In this research, non-invasive MR imaging techniques will be used to evaluate kidney function in the early post-transplantation period. This research will utilize MR perfusion, BOLD MRI, and skGFR in an attempt to differentiate acute rejection from ATN in a population with delayed graft function. In addition to using functional MRI in the diagnosis of transplant dysfunction, we will streamline image analysis to reduce post-processing time and allow widespread clinical application of our techniques. If this research is successful, the results will lead to new understanding of normal kidney function and reveal aspects of the pathophysiologic changes contributing to allograft dysfunction in the early post-transplantation period. Ultimately, the proposed methods could have significant positive impact on the diagnosis of allograft dysfunction and potentially provide a non-invasive means for monitoring treatments aimed at prolonging kidney function.

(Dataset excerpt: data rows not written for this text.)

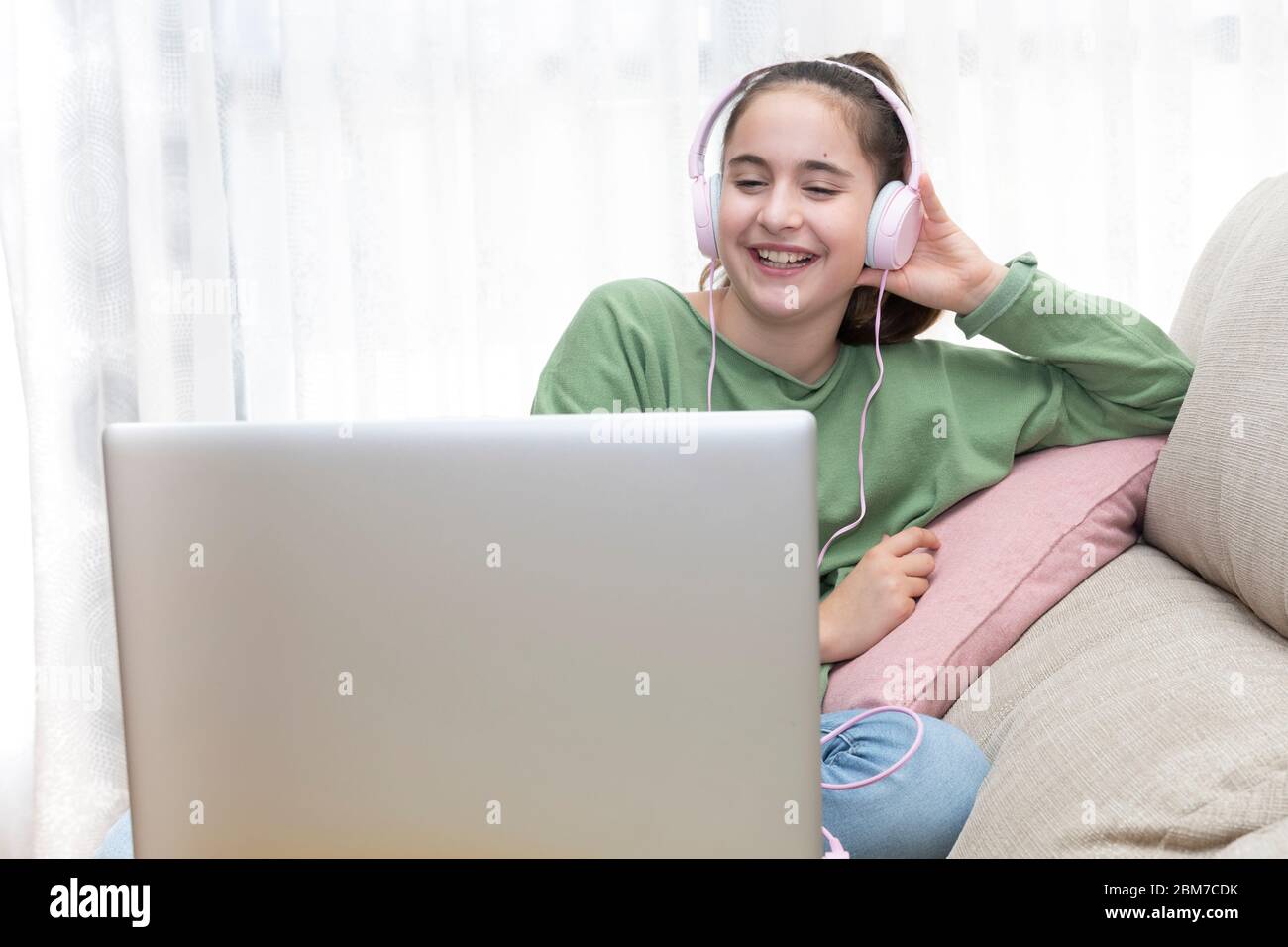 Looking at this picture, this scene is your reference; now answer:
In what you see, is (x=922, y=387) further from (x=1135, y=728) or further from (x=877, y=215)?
(x=1135, y=728)

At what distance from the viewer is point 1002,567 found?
1.09m

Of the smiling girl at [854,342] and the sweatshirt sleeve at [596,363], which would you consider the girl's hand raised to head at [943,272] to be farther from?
the sweatshirt sleeve at [596,363]

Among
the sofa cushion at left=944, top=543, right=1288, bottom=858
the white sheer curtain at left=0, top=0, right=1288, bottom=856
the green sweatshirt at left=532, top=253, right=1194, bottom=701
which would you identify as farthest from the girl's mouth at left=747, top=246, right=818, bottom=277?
the white sheer curtain at left=0, top=0, right=1288, bottom=856

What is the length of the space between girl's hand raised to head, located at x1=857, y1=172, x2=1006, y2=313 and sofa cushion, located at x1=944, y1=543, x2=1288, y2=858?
0.36 meters

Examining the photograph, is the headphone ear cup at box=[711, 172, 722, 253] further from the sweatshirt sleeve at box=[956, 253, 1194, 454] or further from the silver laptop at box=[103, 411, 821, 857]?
the silver laptop at box=[103, 411, 821, 857]

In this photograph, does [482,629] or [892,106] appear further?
[892,106]

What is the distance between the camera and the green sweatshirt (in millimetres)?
1219

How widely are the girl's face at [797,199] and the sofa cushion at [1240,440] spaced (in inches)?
15.1

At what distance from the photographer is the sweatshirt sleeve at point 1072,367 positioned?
1196 millimetres

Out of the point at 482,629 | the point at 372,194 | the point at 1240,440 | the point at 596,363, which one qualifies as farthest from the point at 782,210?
the point at 372,194

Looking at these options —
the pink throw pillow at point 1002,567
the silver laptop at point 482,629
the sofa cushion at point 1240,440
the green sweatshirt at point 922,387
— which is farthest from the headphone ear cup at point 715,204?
the silver laptop at point 482,629

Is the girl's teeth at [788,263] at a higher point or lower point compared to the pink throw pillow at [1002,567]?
higher

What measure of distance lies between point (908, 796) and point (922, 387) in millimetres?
532
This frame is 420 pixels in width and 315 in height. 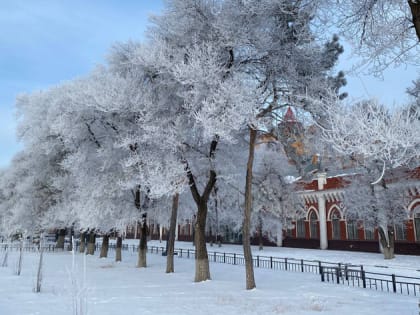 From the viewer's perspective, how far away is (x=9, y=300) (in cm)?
909

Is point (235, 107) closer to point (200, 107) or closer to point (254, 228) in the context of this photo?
point (200, 107)

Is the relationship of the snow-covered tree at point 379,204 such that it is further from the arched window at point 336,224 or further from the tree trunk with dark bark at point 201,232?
the tree trunk with dark bark at point 201,232

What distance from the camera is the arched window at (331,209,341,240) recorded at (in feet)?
110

The goal of this research is to determine if functional magnetic resonance imaging (fMRI) can determine the presence of acute rejection in transplanted kidneys. If MR measures of intrarenal blood flow, oxygen delivery and single kidney glomerular filtration rate (skGFR) can differentiate transplanted kidneys with acute rejection from those with normal function and acute tubular necrosis (ATN) in the early post-operative period, we could avoid biopsy and still target therapy appropriately. At present, the diagnosis of kidney transplant rejection, especially early in the post-transplant time frame, is made via percutaneous biopsy. This procedure is invasive, potentially painful, and can lead to complications, such as bleeding, infection, and rarely loss of the kidney. The theoretical advantages of using MRI to evaluate renal allografts early post-transplant include the ability to diagnose post-transplant conditions non-invasively. Potentially, MRI could be used to screen for acute rejection without having to weigh the risks and benefits of biopsy. This could have an enormous impact in the early post-operative care of transplanted patients. Ultimately this may result in earlier diagnosis and treatment of acute rejection, limiting nephron loss and therefore impacting positively on graft and patient survival.

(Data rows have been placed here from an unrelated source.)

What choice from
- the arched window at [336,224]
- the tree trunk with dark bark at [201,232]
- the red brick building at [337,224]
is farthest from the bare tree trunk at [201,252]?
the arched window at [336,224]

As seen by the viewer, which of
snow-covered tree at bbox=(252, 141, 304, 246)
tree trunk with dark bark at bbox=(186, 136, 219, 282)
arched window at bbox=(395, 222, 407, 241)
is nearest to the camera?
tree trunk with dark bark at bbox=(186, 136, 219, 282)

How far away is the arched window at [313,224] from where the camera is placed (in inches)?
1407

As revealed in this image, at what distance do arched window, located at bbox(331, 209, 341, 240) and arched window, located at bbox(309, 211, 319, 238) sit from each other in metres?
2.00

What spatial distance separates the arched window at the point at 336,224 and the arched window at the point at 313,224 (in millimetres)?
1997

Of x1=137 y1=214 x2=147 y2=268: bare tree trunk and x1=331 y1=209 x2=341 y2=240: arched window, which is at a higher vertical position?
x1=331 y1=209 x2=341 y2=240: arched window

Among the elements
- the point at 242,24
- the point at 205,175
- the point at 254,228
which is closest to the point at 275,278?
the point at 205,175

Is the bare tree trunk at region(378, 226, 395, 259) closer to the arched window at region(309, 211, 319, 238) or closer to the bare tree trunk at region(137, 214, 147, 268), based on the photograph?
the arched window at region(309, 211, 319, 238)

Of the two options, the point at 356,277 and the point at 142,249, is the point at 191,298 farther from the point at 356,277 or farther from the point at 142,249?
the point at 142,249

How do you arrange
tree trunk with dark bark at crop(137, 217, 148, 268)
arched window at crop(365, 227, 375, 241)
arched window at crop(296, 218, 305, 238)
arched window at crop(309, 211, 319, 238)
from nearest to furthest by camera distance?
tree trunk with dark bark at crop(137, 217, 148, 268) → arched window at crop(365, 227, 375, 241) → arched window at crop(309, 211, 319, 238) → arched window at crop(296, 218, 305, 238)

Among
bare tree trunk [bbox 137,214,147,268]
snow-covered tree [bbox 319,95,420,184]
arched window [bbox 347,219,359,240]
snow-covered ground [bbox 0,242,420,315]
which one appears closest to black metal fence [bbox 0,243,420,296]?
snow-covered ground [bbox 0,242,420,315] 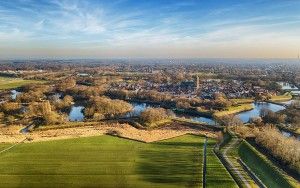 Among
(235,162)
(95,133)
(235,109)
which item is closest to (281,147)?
(235,162)

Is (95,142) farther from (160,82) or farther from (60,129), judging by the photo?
(160,82)

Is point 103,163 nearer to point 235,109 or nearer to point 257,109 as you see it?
point 235,109

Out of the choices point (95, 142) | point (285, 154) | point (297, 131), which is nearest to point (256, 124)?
point (297, 131)

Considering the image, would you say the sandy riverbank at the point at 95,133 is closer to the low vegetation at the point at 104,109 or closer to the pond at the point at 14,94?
the low vegetation at the point at 104,109

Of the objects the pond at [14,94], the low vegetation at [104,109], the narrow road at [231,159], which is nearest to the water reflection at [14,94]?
the pond at [14,94]

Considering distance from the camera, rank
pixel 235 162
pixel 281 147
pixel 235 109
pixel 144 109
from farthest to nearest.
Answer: pixel 235 109, pixel 144 109, pixel 281 147, pixel 235 162

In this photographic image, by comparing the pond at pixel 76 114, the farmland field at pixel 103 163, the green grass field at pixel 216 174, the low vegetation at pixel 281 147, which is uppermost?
the low vegetation at pixel 281 147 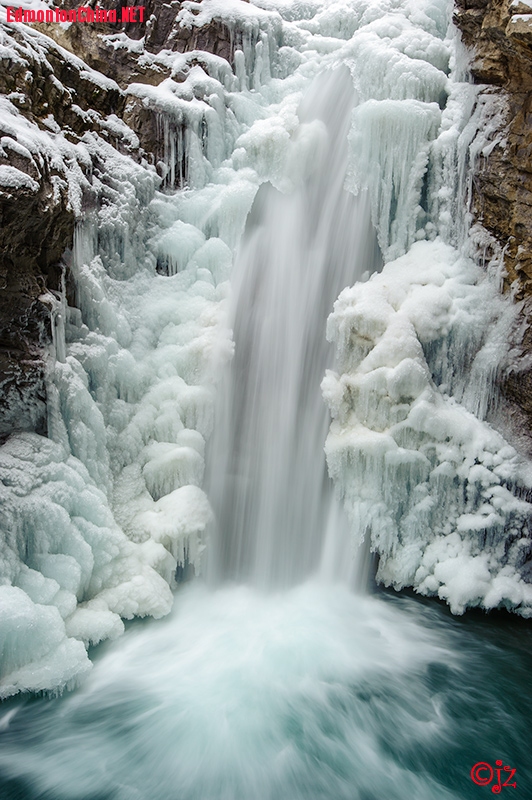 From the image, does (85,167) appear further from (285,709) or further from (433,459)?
(285,709)

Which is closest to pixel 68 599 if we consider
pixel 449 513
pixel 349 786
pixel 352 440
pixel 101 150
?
pixel 349 786

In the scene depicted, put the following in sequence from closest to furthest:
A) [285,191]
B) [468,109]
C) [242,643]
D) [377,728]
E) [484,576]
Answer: [377,728] < [242,643] < [484,576] < [468,109] < [285,191]

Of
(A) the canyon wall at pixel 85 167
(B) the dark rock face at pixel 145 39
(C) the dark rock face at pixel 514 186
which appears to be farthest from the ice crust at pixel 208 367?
(B) the dark rock face at pixel 145 39

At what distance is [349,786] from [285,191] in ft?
21.2

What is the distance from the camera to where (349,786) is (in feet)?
12.1

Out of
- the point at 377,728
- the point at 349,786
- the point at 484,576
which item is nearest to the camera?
the point at 349,786

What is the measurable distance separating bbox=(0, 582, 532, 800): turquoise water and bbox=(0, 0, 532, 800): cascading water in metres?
0.02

Kidney transplantation has saved many lives since the first successful transplant more than 50 years ago. Although advances in surgical technique and immunosuppressive therapy have resulted in 1-year survival rates greater than 90 percent, graft dysfunction in the early post-transplant period occurs in up to 30 percent of transplant recipients. This is an important factor in the ultimate fate of the allograft, as acute rejection in those recipients with delayed graft function results in a 5-year graft survival of only 35 percent. This observation alone suggests that early diagnosis of acute rejection episodes is imperative if we are to limit nephron loss and maintain allograph function.

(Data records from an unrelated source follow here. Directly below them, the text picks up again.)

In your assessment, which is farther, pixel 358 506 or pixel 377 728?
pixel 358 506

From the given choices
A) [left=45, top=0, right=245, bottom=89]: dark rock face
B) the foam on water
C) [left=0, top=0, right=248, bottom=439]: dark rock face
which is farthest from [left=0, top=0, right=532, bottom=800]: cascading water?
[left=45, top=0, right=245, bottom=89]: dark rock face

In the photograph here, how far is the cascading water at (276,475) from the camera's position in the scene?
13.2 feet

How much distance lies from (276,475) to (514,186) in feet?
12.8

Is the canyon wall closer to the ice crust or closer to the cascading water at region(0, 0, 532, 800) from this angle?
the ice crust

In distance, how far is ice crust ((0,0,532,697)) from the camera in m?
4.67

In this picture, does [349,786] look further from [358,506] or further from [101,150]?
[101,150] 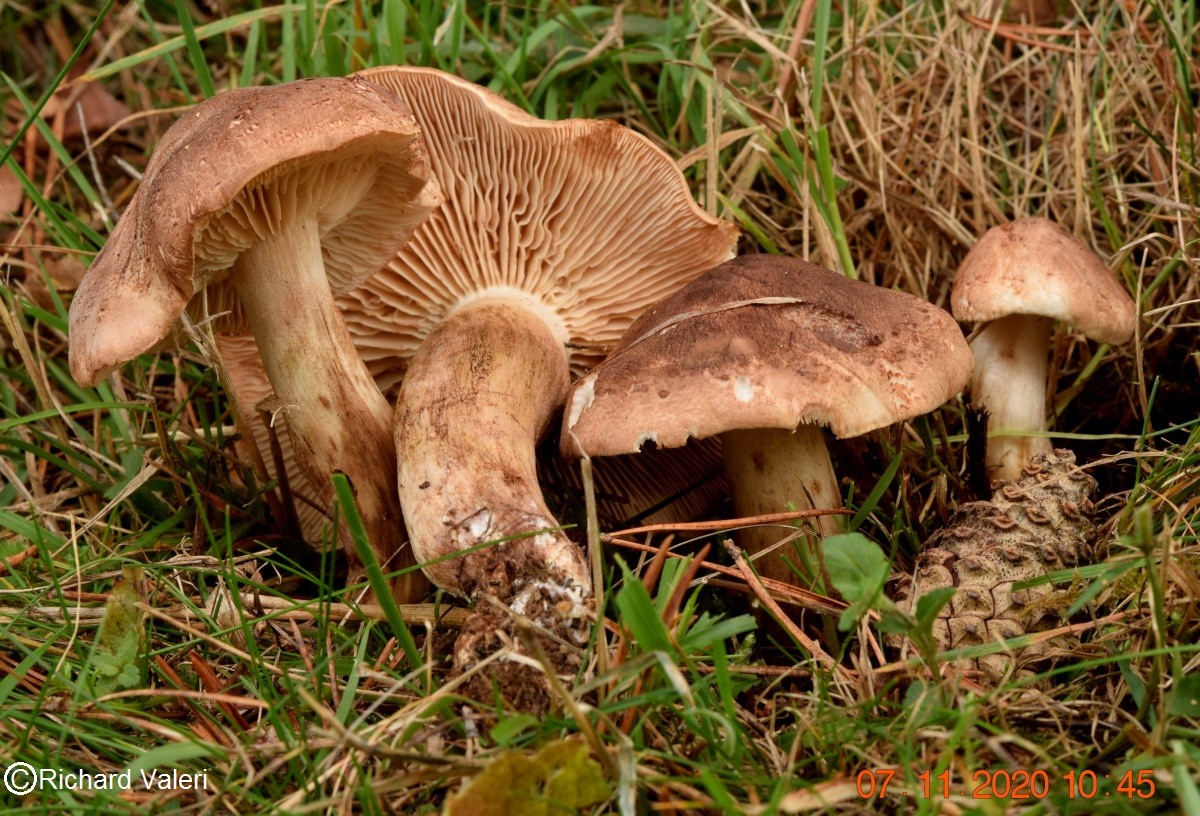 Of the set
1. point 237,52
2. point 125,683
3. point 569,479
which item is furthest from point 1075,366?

Magnetic Resonance Imaging (MRI) is well-suited for assessing renal transplant anatomy and function. MRI uses non-nephrotoxic contrast agents and has the spatial resolution to independently assess different anatomical regions. New MR techniques, termed functional MRI, can assess the filtration capacity of glomeruli, regional blood flow within the kidney, and the oxygen bioavailability at the tissue level. To date, no other modality can combine techniques to provide such a comprehensive evaluation of the kidney. If MRI can non-invasively identify the underlying cause of dysfunction, we could potentially avoid biopsy and still target therapy appropriately.
The specific aims of this study are: 1) Perform functional MRI studies to measure intrarenal regional blood flow, tissue oxygen bioavailability, and skGFR, in a population of transplant recipients with early impaired graft function. These studies will be performed on the subgroup of transplant recipients, in which clinically, acute rejection needs to be differentiated from ATN, after other causes of early graft dysfunction (EGD) have been excluded. 2) Correlate serum and urine biomarkers of allograft oxidative stress with R2* values obtained during BOLD MRI examination. 3) Clinically indicated percutaneous biopsy will be performed by MRI guidance. Correlate histopathological changes of acute rejection (cellular infiltrates, tubulitis/atrophy, vasculitis, fibrosis) with MR measured intrarenal regional perfusion and oxygen bioavailability.